That is something we might have to address, so you don’t have a lot of Miami Marlins doing this. Maybe it’s an adjustment for us, as the players’ union. Maybe we have to go on strike, to be honest with you. That’s how I feel about it. Maybe I could say that, for me, maybe we should go on strike and fix that. Maybe not. I think it’s a thing we maybe address that to the union. I’m not going to say that to you guys. I’m going to have that talk to the union, and we’ll see how it goes from there.

This isn’t the first we’ve heard of players’ dissatisfaction with the excruciatingly slow pace of the offseason. The exact culprit remains unclear, though everything from teams gutting their rosters for drastic rebuilds to outright collusion has been hinted at, with no clear evidence to support the latter. On Thursday, Yahoo Sports’ Jeff Passan mentioned that several free agents were considering staging their own spring training camp this year, assuming the market continues to stall over the next two months. This appears to be the first time a player has spoken openly about the possibility of a strike, however, which puts a decidedly more serious spin on recent events.

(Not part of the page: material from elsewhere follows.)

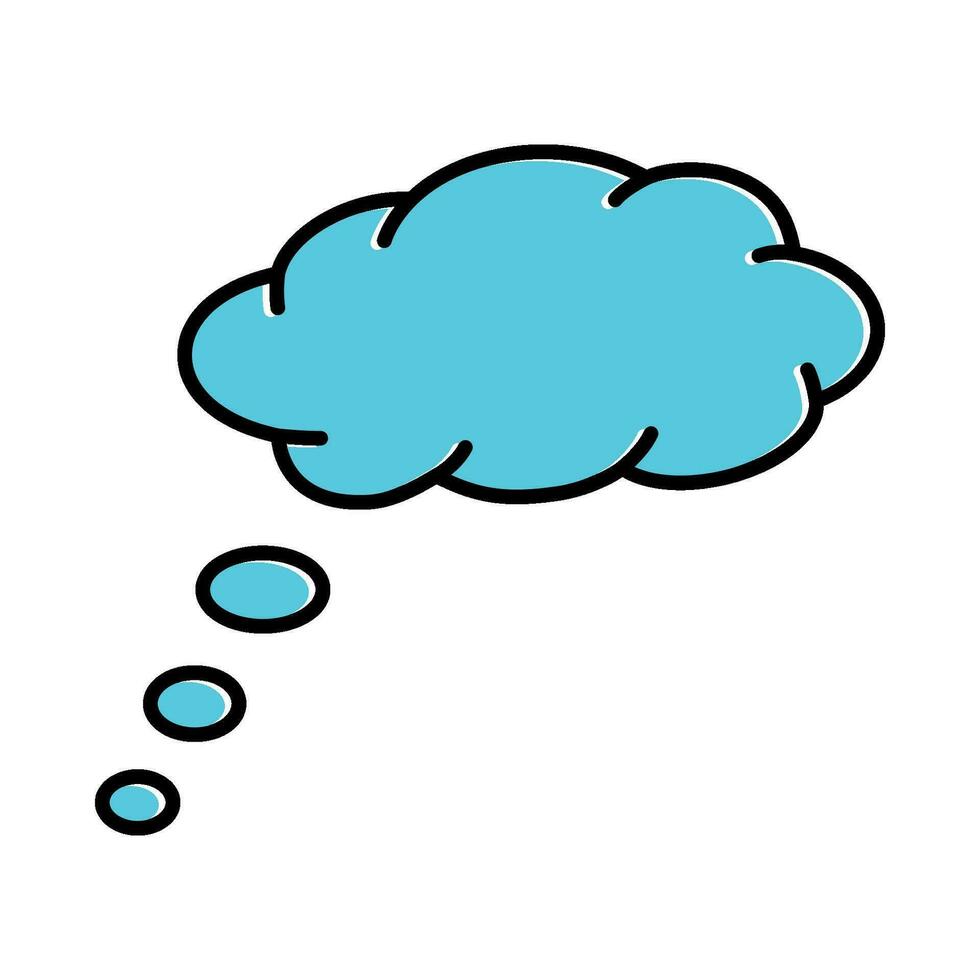 pensamiento nube icono vector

Jansen was quick to walk back the comments, saying it was something he should first discuss with the union, but it’s not hard to believe that others might be feeling the same way — especially those who fall within the pool of MLB’s 100+ unsigned free agents. Shaikin speculates that any potential strike would likely be delayed for three years, as the current collective bargaining agreement is set to expire in 2021. While there’s still hope that the stalemate will be broken in advance of spring training — in a way that’s fair to the players, that is — the longer it drags on, the more desperate reactions it’s going to elicit from players and teams alike.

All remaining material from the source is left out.